◎ジェイド・タブレット-10-19
◎垂直上昇への仕掛け-19
◎精神の成熟-3
◎正師に出会う
そのような混乱と多様性の中で、人間の進化のバロメーターとして以下が挙げられる。
1.正師に出会う
2.メンタル体での脱身
3.究極への突入。
以上三つは自分の力だけではどうしようもない部分があるので、バロメーターとして適当であると考えた。
なお、見仏、見神、見性は、その“聖なる状態”から逆戻りして、悪人になるケースもあるので、敢えてバロメーターとしては挙げなかった。
また段階を立てない冥想である禅には、10段階の十牛図があって、見性は、『見牛第三』と位置付けられているが、もともと段階がないのだから、気にするまでもない。
1.正師に出会う
人は正師に出会わなければ、決して悟ることはできない。正師は、必ずニルヴァーナという体験とはいえない体験を経た者である。
正師に出会うというのは、修行の成否のための最重要のファクターの一つである。だが、大金を積めば会えるというものでもない。それについて聖者たちは、口を揃えて同じことを言う。あなたに準備ができれば、正師が現れると。彼に出会うのは今生かもしれないし、今生でないかもしれないし、既に出会っているが気づかずに終ったのかもしれない。
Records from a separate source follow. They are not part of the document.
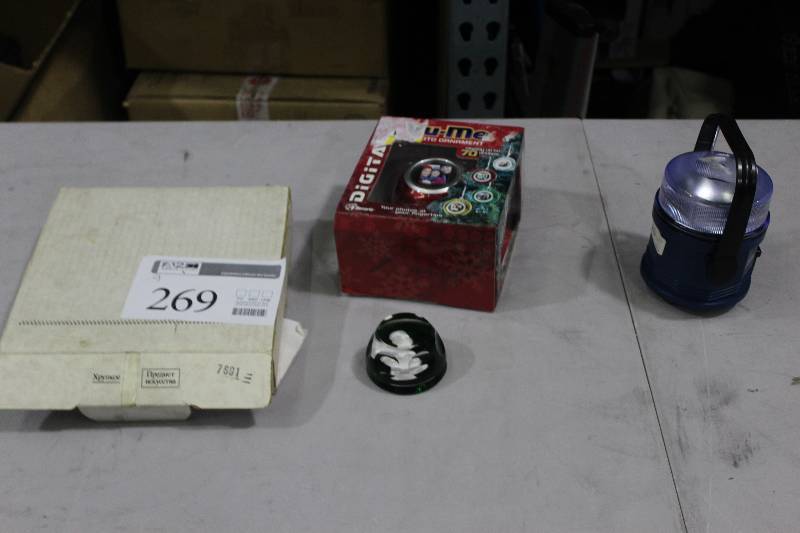lot 269 image: Lot of (4) Misc Including 1) Decorative Plate AND 1) Coleman Lantern AND 1) Vu-Me Digital Picture Frame AND 1) Figurine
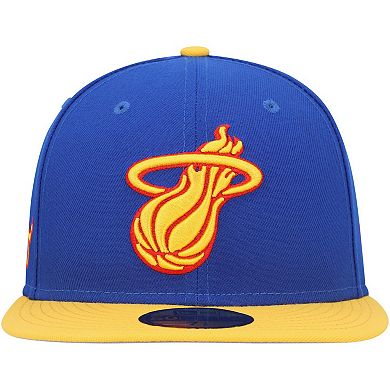 Men's New Era Blue Miami Heat Side Patch 59FIFTY Fitted Hat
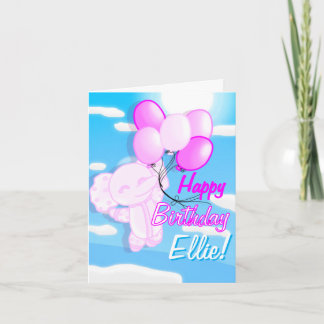 Custom Pink & Blue Niedlich Elephant Birthday Card Einladung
どうやって真正のマスターに出会うか、それは縁による。
インドの聖者ユクテスワは、正師の助けを得ることについては、シャンカラチャリヤの言葉を引いて、『人生は、蓮の葉の上の水滴のように不安定で、たえず苦難にさらされている。しかしたとえわずかな間でも聖者と交われば、救いを受けることができる』
(聖なる科学/ユクテスワ/森北出版P91から引用)
と高く評価している。
一方で正師がその教えを継承させることの大変さは、達磨と慧可の例で有名だが、曹洞宗にも類似の困難があった。江戸時代の曹洞宗のトップ卍山が、法を継承する形式が、寺を継承する(伽藍嗣法)であって、悟った人から悟った人への嗣法ではなかったという弊風に悩み、宗門改革を図った。
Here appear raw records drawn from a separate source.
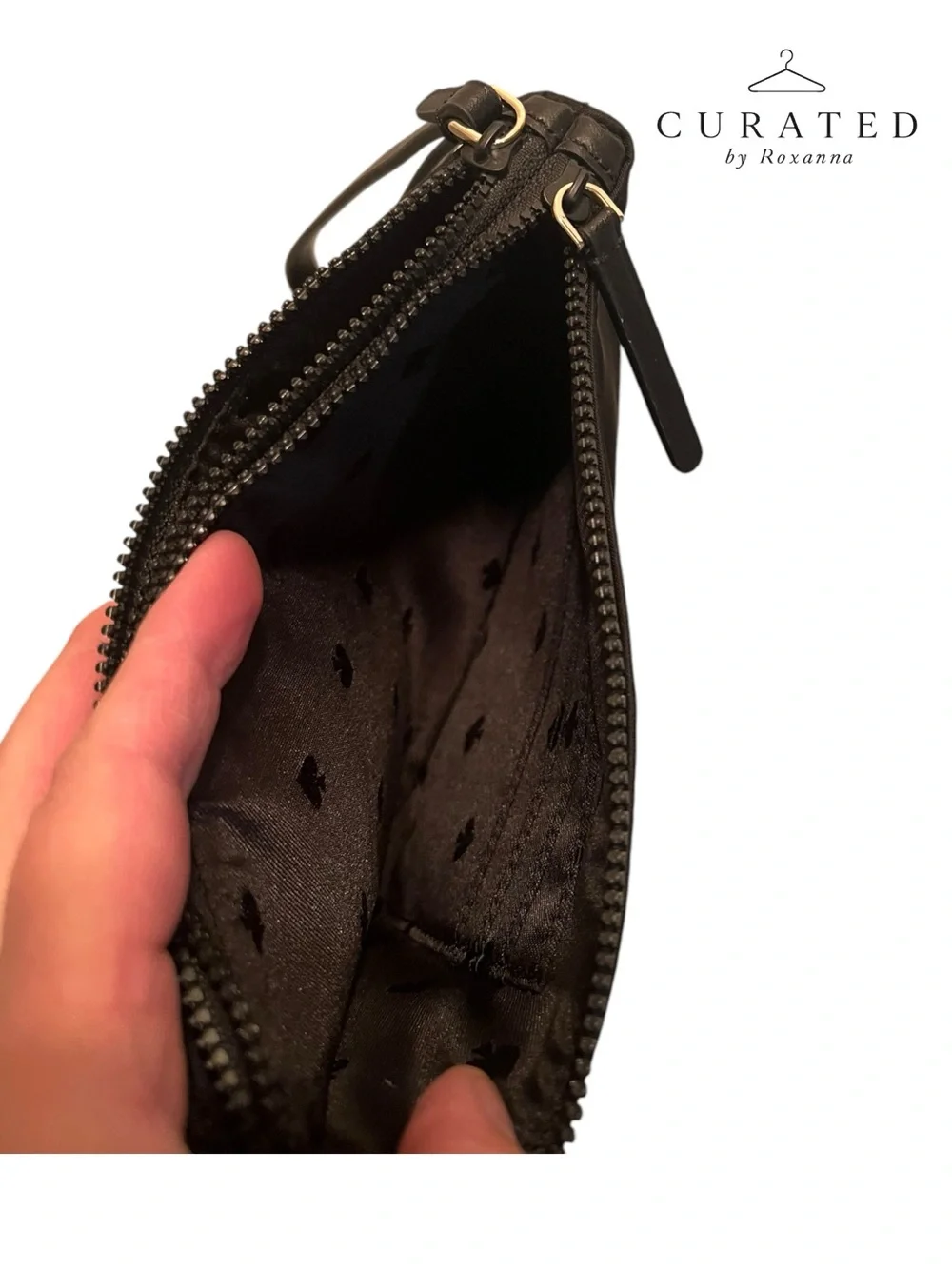 Kate Spade Black Nylon Wristlet Zip Pouch Clutch Gold Spade Logo EUC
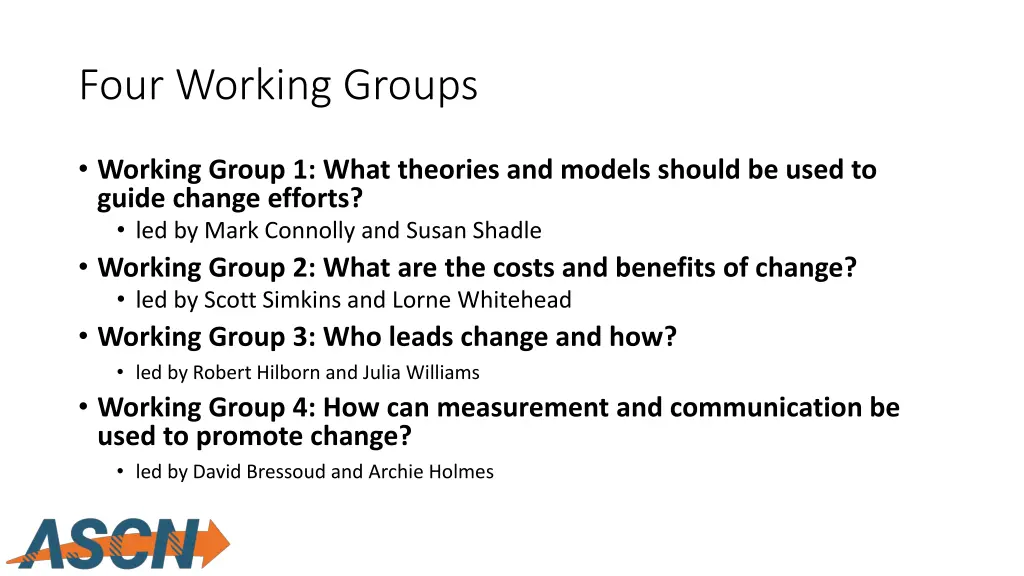 four working groups 1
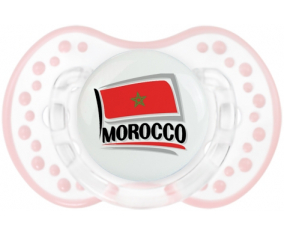 Flag Morocco design 1 Lollipop lovi dynamic clásico retro-blanco-rosa-tierno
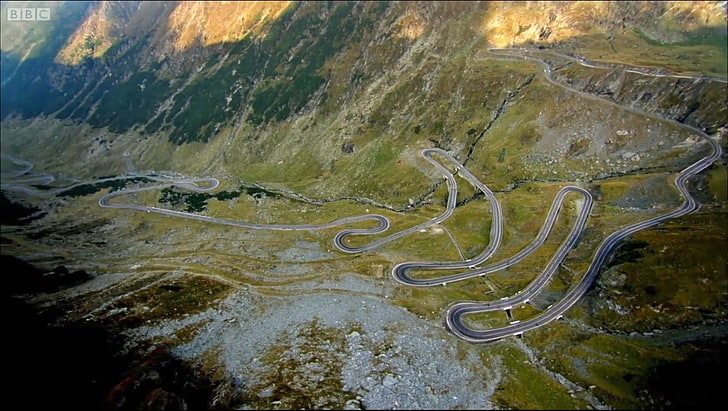 hairpin turns, Top Gear, road, landscape, environment, nature, HD wallpaper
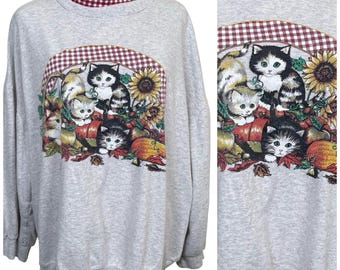 Felpa vintage Basic Editions con stampa di gatto, taglia 1X, grigia, collo alto, autunno anni '90.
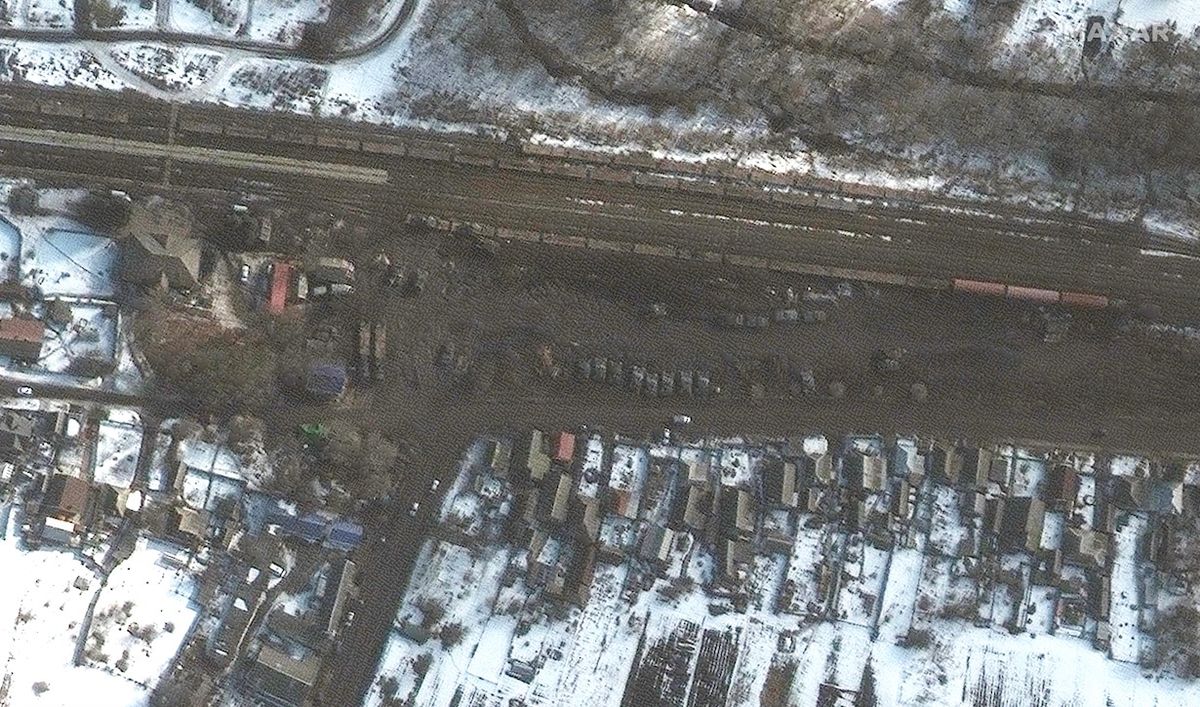 This image, snapped on Feb. 21, 2022, by Maxar&rsquo;s GeoEye-1 satellite, shows armor and vehicles at a railyard in Veselaya Lopan, southwest of Belgorod.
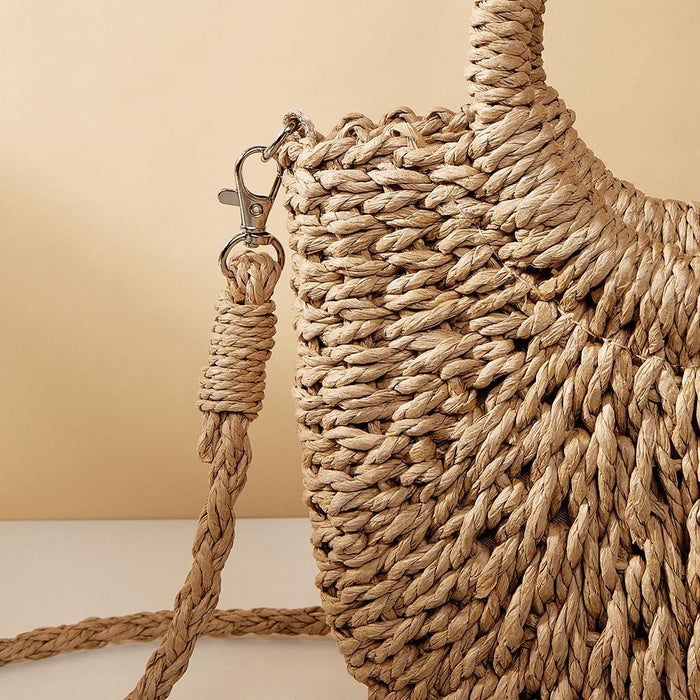 Beige Half Moon Straw Tote Woven Beach Bag - Pink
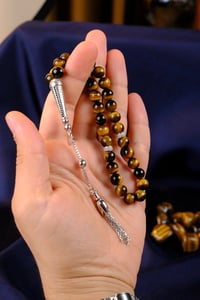 Diamond Serisi Gümüş Tasarım Kaplan Gözü Tesbih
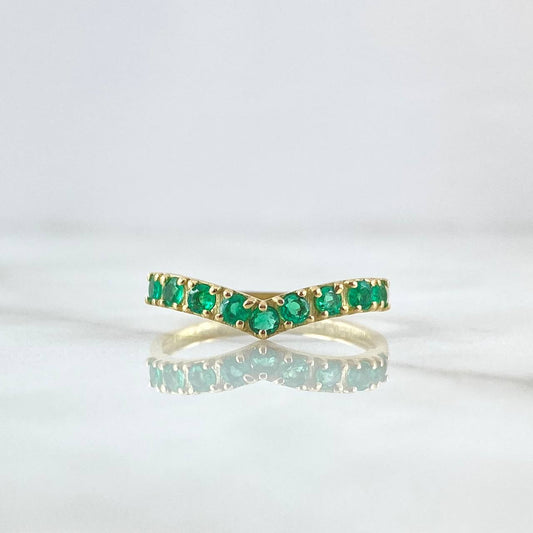Anillo Tiara en V 2.05gr / T8 / Esmeraldas 36pts Oro Amarillo 18K (Joya) *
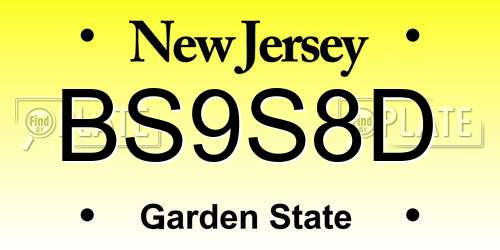 BS9S8D New Jersey License Plate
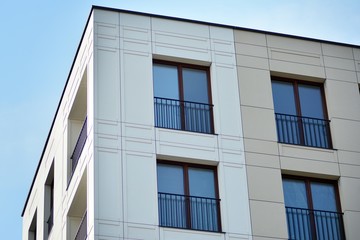 Fragment of a modern apartment building in front. Very modern apartment house.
結局卍山は、師と弟子がマンツーマンで会って、そこで嗣書(印可みたいなもの)の授受が行われれば、それを嗣法と認めて、これが正統として今日に至るらしい。
卍山の親友だった独庵は、凡師と凡資(悟ってない師と悟ってない弟子が)が対面して嗣書を授受しても紙伝払伝に過ぎず実体のない法嗣にすぎないと、卍山の見解を批判しているが、卍山はそこまで徹底することはできなかったらしい。
チベット密教のダライ・ラマの継承でも似たような問題はあった。
正師が簡単に見つからないというのも問題だが、真理を伝授するまともな弟子が見つからないのも問題なのだ。
日本について言えば、オウム・カルトが暴れまわったおかげで、宗教のしの字も大っぴらに語れないという社会環境ではあるし、SNSを利用した宗教特殊詐欺、スピリチュアル特殊詐欺の横行は、ますます正師を見つけにくくしている。
だが、自分が偽りならば、偽りの師を選ぶという法則もあるのではあるが。